Listing 1 – Registering for QTMovieRateDidChangeNotification
- (void)monitorMovie:(QTMovie *)movie {
   [[NSNotificationCenter defaultCenter]
    addObserver:self selector:@selector(movieRateChanged:)
    name:QTMovieRateDidChangeNotification object:movie];

Listing 2 – Checking for a Halted Stream
- (void)movieRateChanged:(NSNotification *)note {
   QTMovie *const movie = [note object];
   const BOOL playbackPaused = (0 == [movie rate]);
   if (!playbackPaused) return;
   const QTTime currTime = [movie currentTime];
   const BOOL
   atEnd = (QTTimeCompare(currTime, [movie duration])
            == NSOrderedSame);
   if (atEnd) {
      NSLog(@"%s: Hit end of movie.", __func__);
   Movie m = [movie quickTimeMovie];
   TimeValue tv;
   const OSStatus err = GetMaxLoadedTimeInMovie(m, &tv);
   if (noErr != err) {
      NSLog(@"%s: *** GetMaxLoadedTimeInMovie: %s - %s",
            __func__, GetMacOSStatusErrorString(err),
   const TimeScale ts = GetMovieTimeScale(m);
   const QTTime loadTime = QTMakeTime(tv, ts);
   const BOOL
   atLoad = (QTTimeCompare(currTime,loadTime)
             == NSOrderedSame);
   if (atLoad) NSLog(@"%s: Ran out of data!", __func__);
   else NSLog(@"%s: User paused playback.", __func__);

The outlook is not so rosy for streaming media. Even QuickTime itself seems utterly unaware that the stream has stopped: when the network connection drops, the QTMovieView’s scrubber keeps advancing without any change in rate, though any audio has stopped and any video frozen. It’s only when you try to seek to a time – pause then play, or move the scrubber – that QuickTime signals an error. It seems, then, that the MovieController and everything built on top of it, including QTMovieView, are utterly unaware that the stream has come to an abrupt end.
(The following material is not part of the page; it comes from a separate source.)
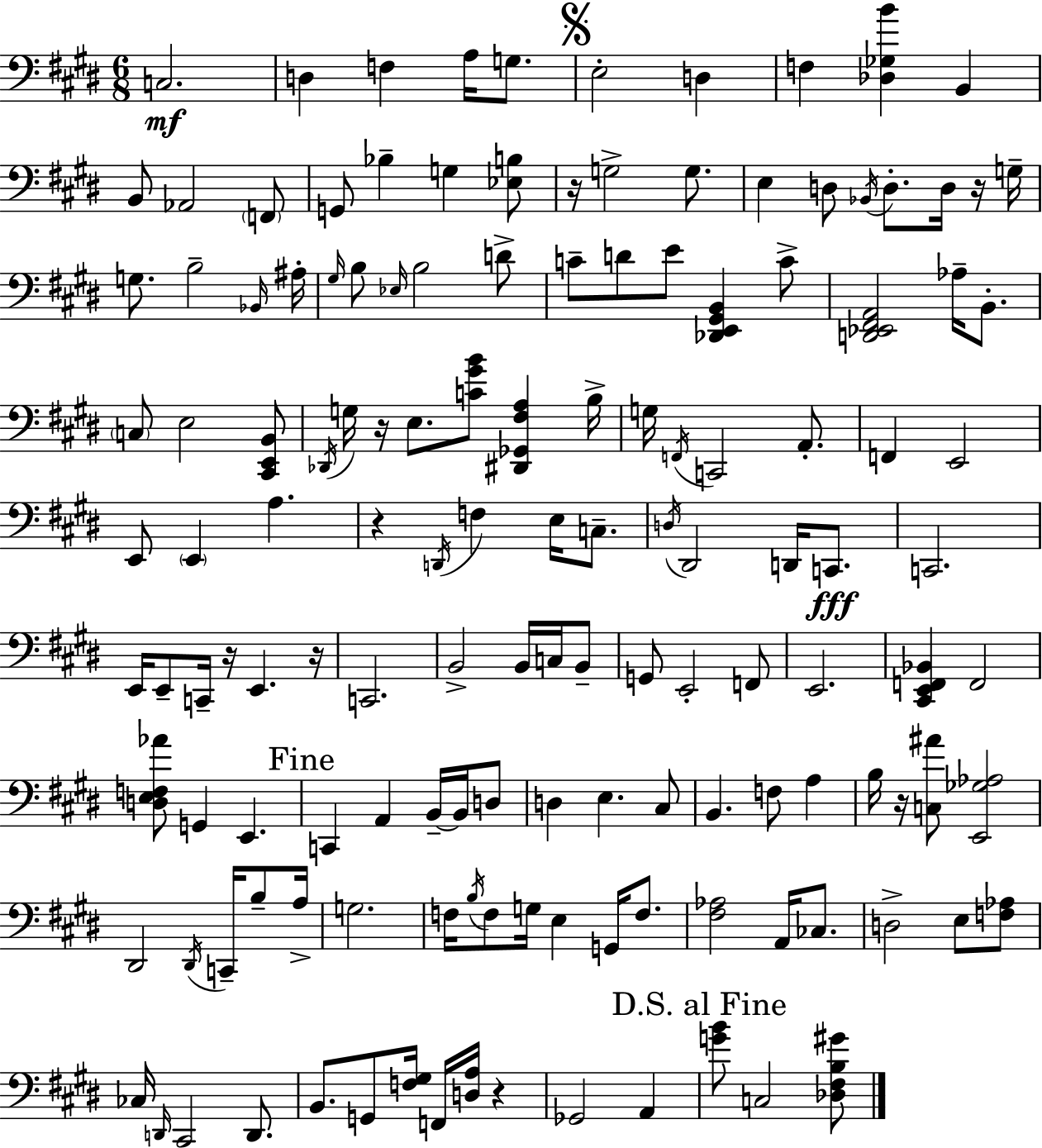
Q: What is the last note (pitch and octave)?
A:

Suppose you wanted to force QuickTime to seek regularly to provoke an error message as soon as the connection drops. You wouldn’t want to disturb playback, so you’d want to do an in-place seek: pause, then unpause. Unfortunately, restarting playback of a stream can take a few seconds, so this approach is unworkable.
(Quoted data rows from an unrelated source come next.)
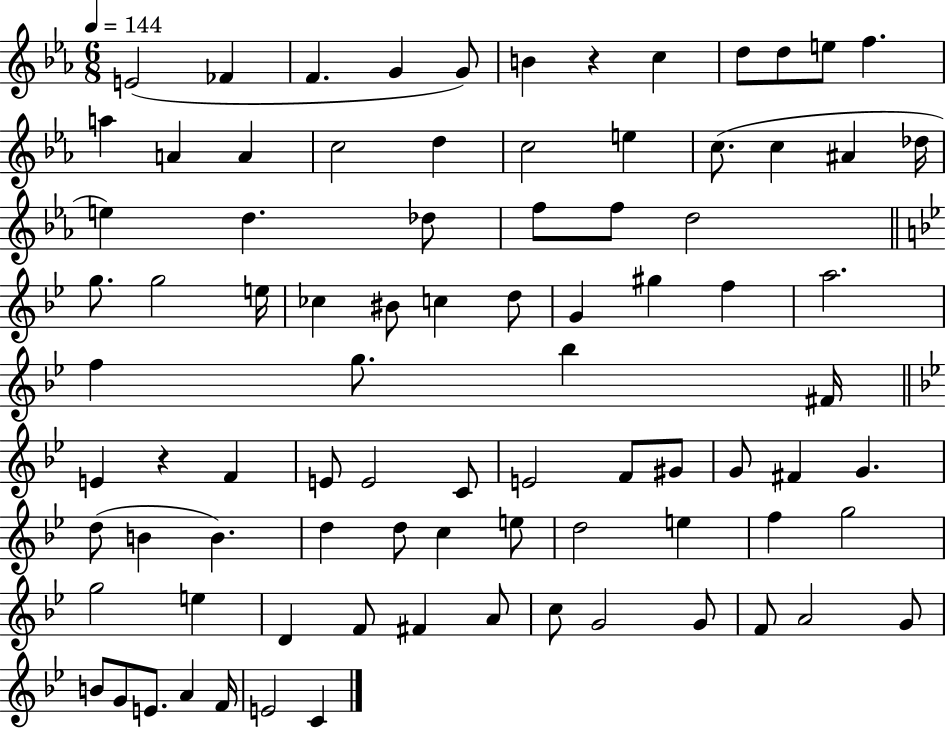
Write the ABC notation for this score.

X:1
T:Untitled
M:6/8
L:1/4
K:Eb
E2 _F F G G/2 B z c d/2 d/2 e/2 f a A A c2 d c2 e c/2 c ^A _d/4 e d _d/2 f/2 f/2 d2 g/2 g2 e/4 _c ^B/2 c d/2 G ^g f a2 f g/2 _b ^F/4 E z F E/2 E2 C/2 E2 F/2 ^G/2 G/2 ^F G d/2 B B d d/2 c e/2 d2 e f g2 g2 e D F/2 ^F A/2 c/2 G2 G/2 F/2 A2 G/2 B/2 G/2 E/2 A F/4 E2 C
You would think that something within QuickTime must be aware of the state of the network data stream. You must be right, but QuickTime makes it impossible to get at this information. All attempts to cadge any information about the state of the actual streaming data from the guts of QuickTime fail.

Because the movie file is simply a stream reference, as soon as the file has been downloaded, the QuickTime reports the movie has fully loaded. Once QuickTime has received the movie duration, getting the movie’s maximum loaded time always reports the entire movie as loaded, even when it plainly has not been.
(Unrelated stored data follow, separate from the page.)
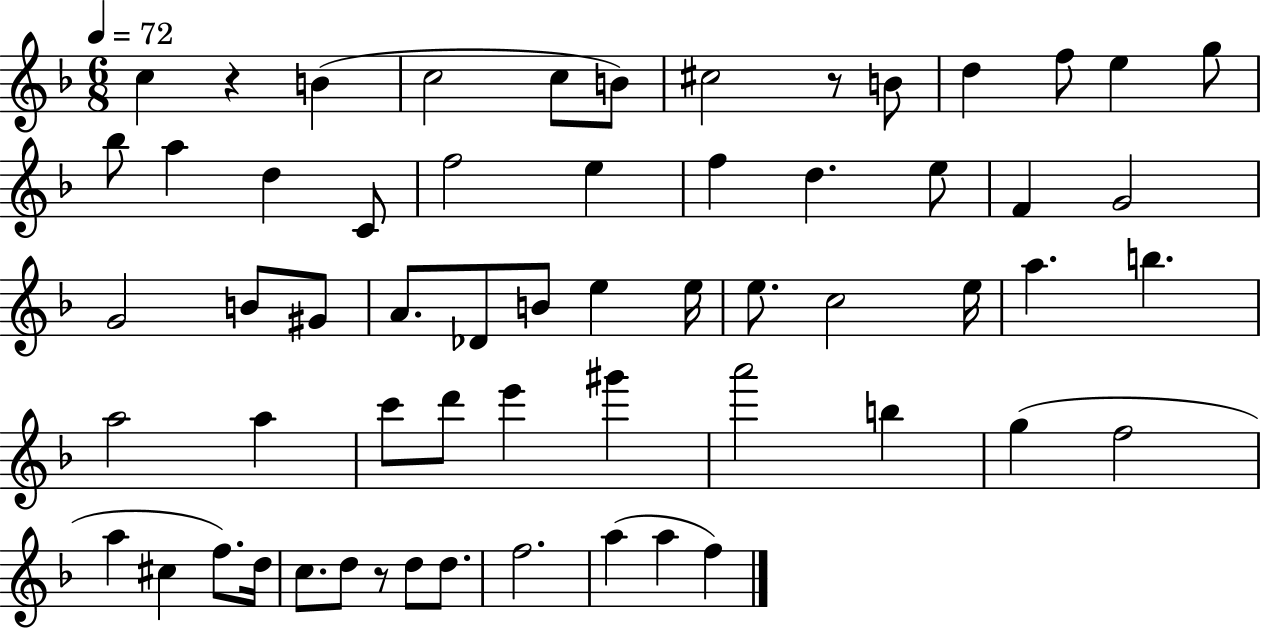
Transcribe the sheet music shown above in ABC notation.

X:1
T:Untitled
M:6/8
L:1/4
K:F
c z B c2 c/2 B/2 ^c2 z/2 B/2 d f/2 e g/2 _b/2 a d C/2 f2 e f d e/2 F G2 G2 B/2 ^G/2 A/2 _D/2 B/2 e e/4 e/2 c2 e/4 a b a2 a c'/2 d'/2 e' ^g' a'2 b g f2 a ^c f/2 d/4 c/2 d/2 z/2 d/2 d/2 f2 a a f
Interrogating the movie’s data handler is likewise useless: it does not handle the streaming data itself, so the handler reports a data rate of 0 bytes per second, says it has loaded the entire file, and further declares itself a non-streaming handler that never streams.

The QuickTime Streaming functions look promising: a QTSPresentation wraps one or more QTSStreams, and each stream reports several statistics, including the inbound data rate. When this hits zero, you have run out of streaming data. Unfortunately, the API appears suitable only for broadcasting. All attempts to create a streaming presentation using QTSNewPresentationFromDataRef() and QTSNewPresentationFromFile() with QTSPresParams flags of kQTSAutoModeFlag | kQTSReceiveMediaFlag ended with an “Unsupported Data Type” error.